Before she mentioned the Beer Report, the Minister indicated that the Government plans to harmonize three of the accessibility standards that are now under development, the Employment Accessibility Standard, the Information and Communication Accessibility Standard, and the Transportation Accessibility Standard. She said that the Government heard from business that there is a need for this harmonization during the public review of these proposed standards, and that the Government agrees. In other words, this was something the Government knew before, and apart from, the Beer Report’s recommendation on harmonization of accessibility standards.

She said: “The development of the information and communication employment and transportation standards is currently under way. During the public review process, we heard consistently that businesses want the requirements of the standards to be aligned. We listened and we agree.

Notre prochaine étape consiste à incorporer les trois normes-emploi, transport, et information et communications-dans un projet de règlement rationalisé. Nous afficherons l’information au sujet de l’harmonisation de ces normes dans les prochains mois pour satisfaire au processus d’examen public.

This integrated approach will make the standards easier to understand and implement. It will offer greater flexibility and reduce costs and regulatory burden, all in keeping with our government’s Open for Business initiative.”

In this statement, the Minister then acknowledged that the Beer Report was being tabled with the Legislature. She said: “I am also pleased to table the independent review of the AODA that was recently completed by Mr. Charles Beer, who is in the House today. From September to December 2009, Mr. Beer consulted extensively with individuals and organizations across the province. I would like to thank Mr. Beer for his dedication to this project.

Le rapport de M. Beer formule des recommandations spécifiques. Pour certaines d’entre elles, comme l’harmonisation des normes, je suis fière de vous annoncer que nous avons déjà fait de grandes avancées.”

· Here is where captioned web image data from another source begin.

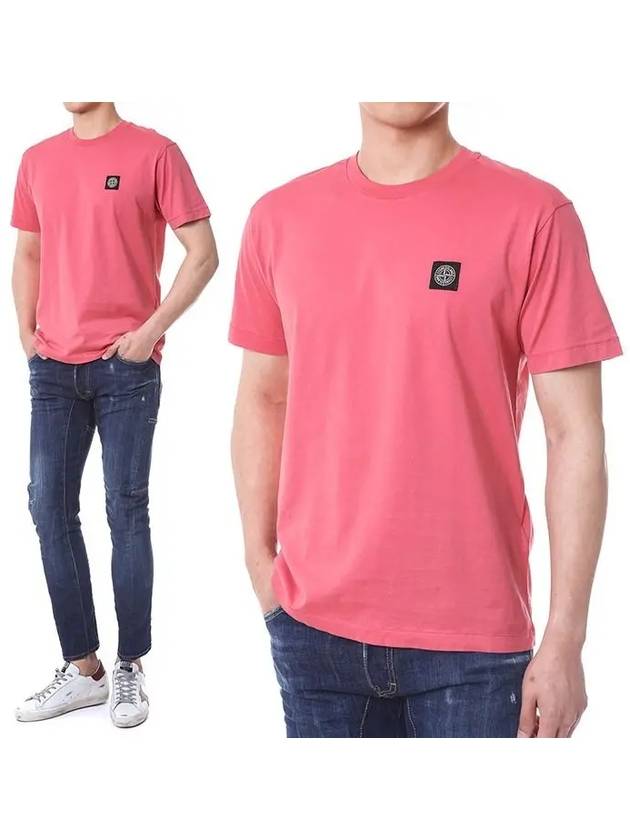 Logo Patch Cotton Short Sleeve T-Shirt Pink - STONE ISLAND - BALAAN 2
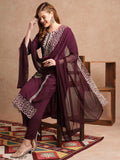 Anni Designer Women'S Rayon Blend Straight Embroidered Kurta With Pant & Dupatta (Trp Wine-Vks01_Xl_Wine_X-Large),Wine,XL,,,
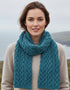 Aran Crafts Merino Wool Heart Cable Scarf - Teal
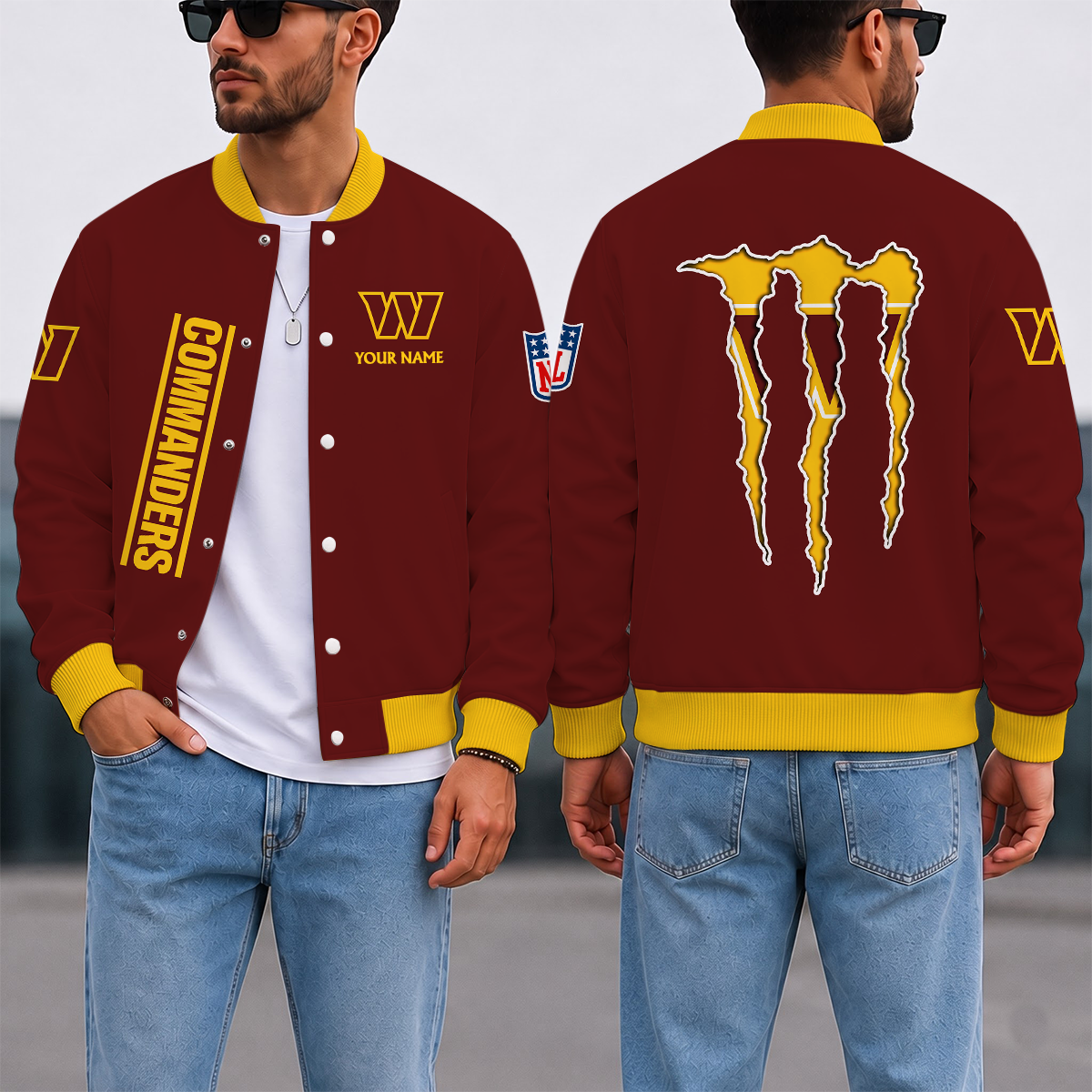LIMITED EDITION - NEW CUSTOMIZED NFL12 WTC WASHINGTON COMMANDERS SATIN VARSITY & BASEBALL JACKET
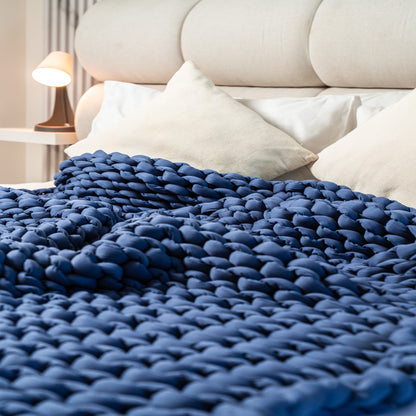 Cozy Cotton Knit Weighted Blanket – 4 Kg (Hand‑knitted UAE Edition)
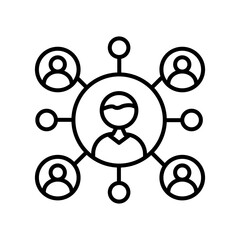 Network Outline Icon, Vector illustration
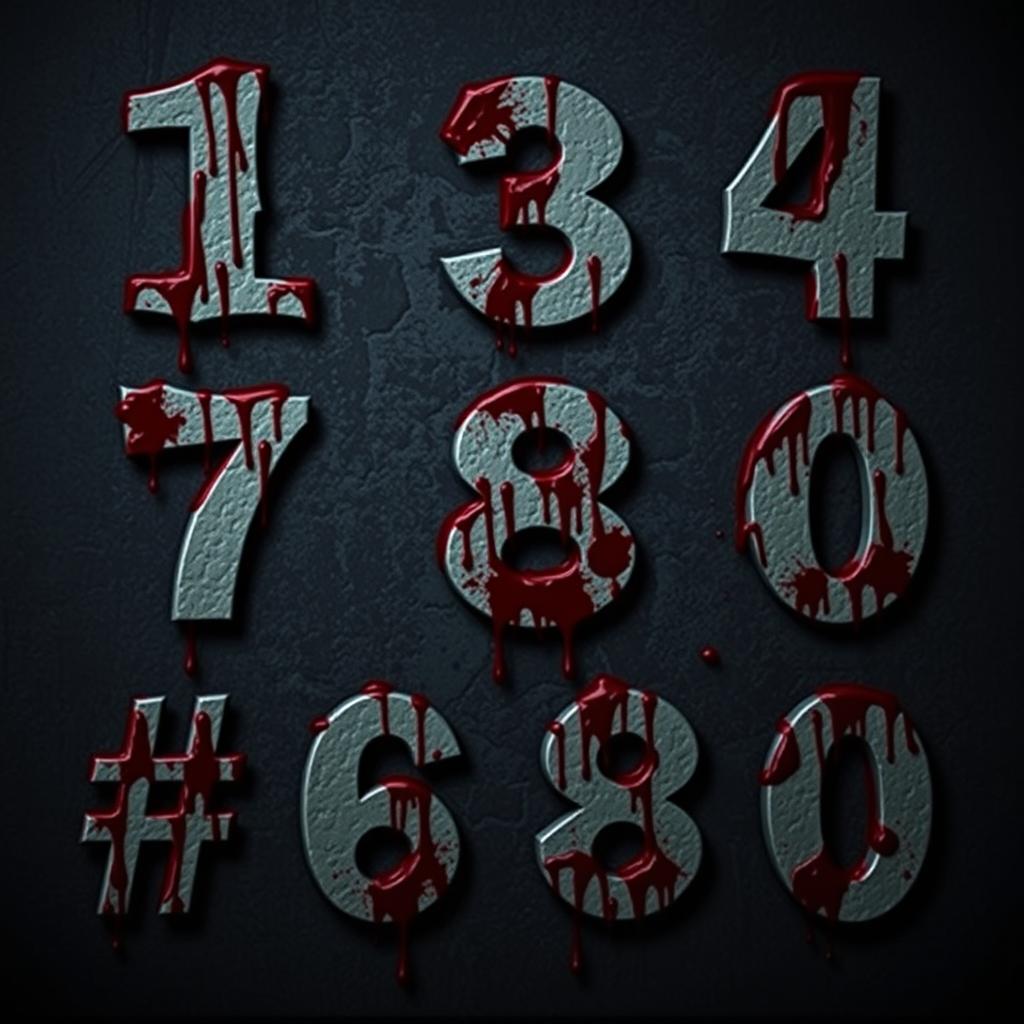 Thrilling and fear-inducing numbers from 1 to 30, each accompanied by a '#', creatively splattered and dripping with dark, menacing blood for an eerie and intense horror game thumbnail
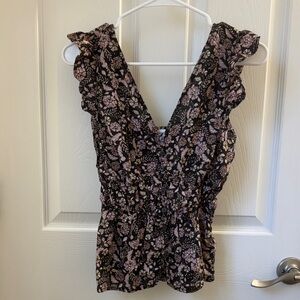 Floral Ruffle Sleeve Women's Top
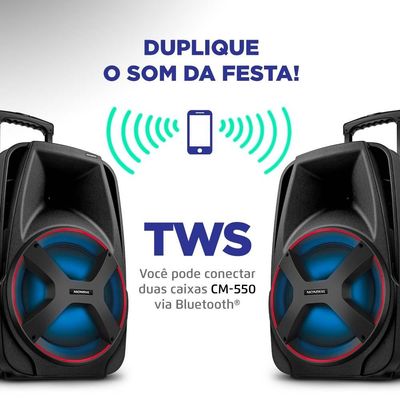 Caixa de Som Amplificada Bluetooth 550W Mondial CM550 Preta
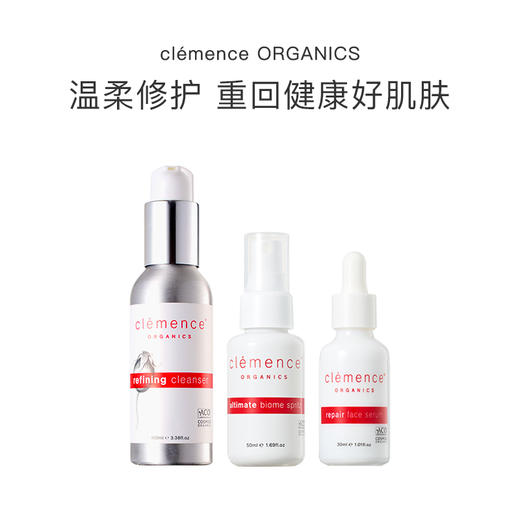 保税直发clemence ORGANICS 敏感肌保湿维稳套组（玫瑰无泡洁面乳 100mL+益生修护喷雾 50mL+玫瑰果修护精华油 30mL） 商品图0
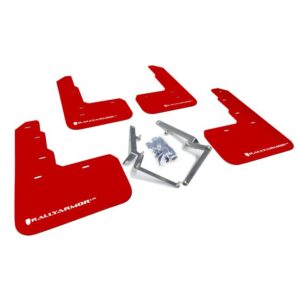 Rally Armor MF47-UR-RD/WH - 2017-2022 Honda Civic Type R - Red Mud Flap/White Logo
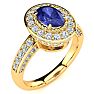 1 1/2 Carat Oval Shape Tanzanite and Halo Diamond Ring In 14 Karat Yellow Gold Image-2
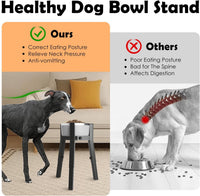 SHAINFUN Grey Metal Stand for Large Dogs - Height: 9.8-13.4", Width: 7-10.7" / Black-FU - image 2
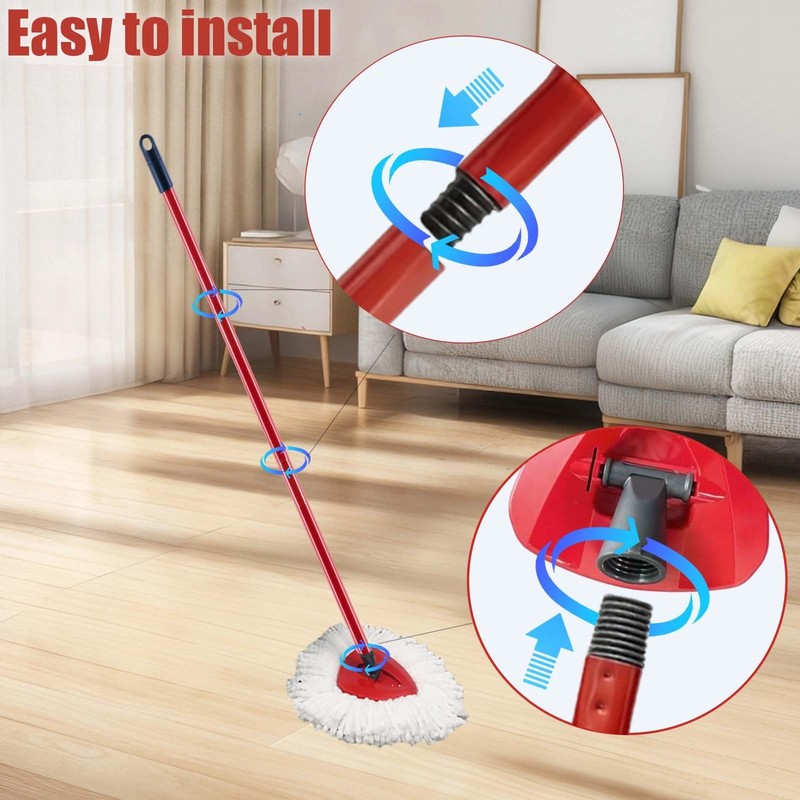 Mop Handle for Ocedar, Spin O Cedar 4-Section 1 Handle, Red gallery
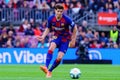 Sergi Roberto plays at the La Liga match between FC Barcelona and Deportivo Alaves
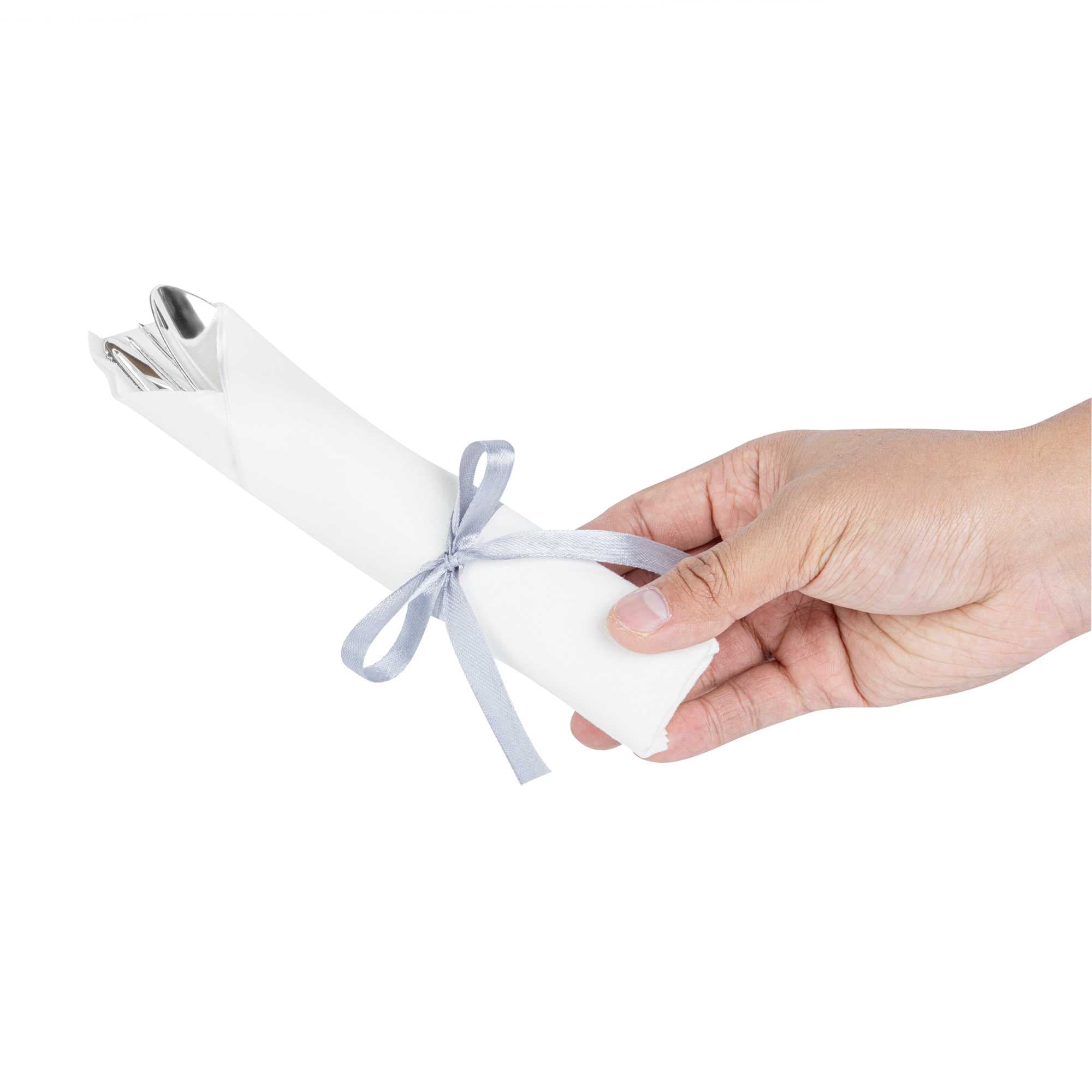Argento Silver Plastic Cutlery Set - with White Napkin, Silver Ribbon - 7 1/4" x 2" x 1 3/4" - 100 count box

In that announcement, the only Beer Report recommendation that she committed to implement was to harmonize the three forthcoming accessibility standards that are now under development, and which have been in the works since as far back as 2006 or 2007. She made no comment on the Beer Report’s other findings or recommendations, despite by then having had over three months to study it. As our detailed analysis of the Beer Report shows, the Report’s recommendation that the accessibility standards be harmonized is its least ambitious. No one opposed their harmonization, as long as this did not eviscerate the standards. Moreover, harmonizing these standards would not correct most of the problems with the AODA’s implementation that the Beer Report identified.

At the same time, the Government issued a news release to honour National Access Awareness Week. All the news release said about the Charles Beer Independent Review Report was: “The province is currently developing four more accessibility standards: for information and communications, employment, transportation, and the built environment. The first three of these standards will be integrated into a single regulation, making them more flexible for businesses. It also responds to a key recommendation in Charles Beer’s review of the Act, which was released today.”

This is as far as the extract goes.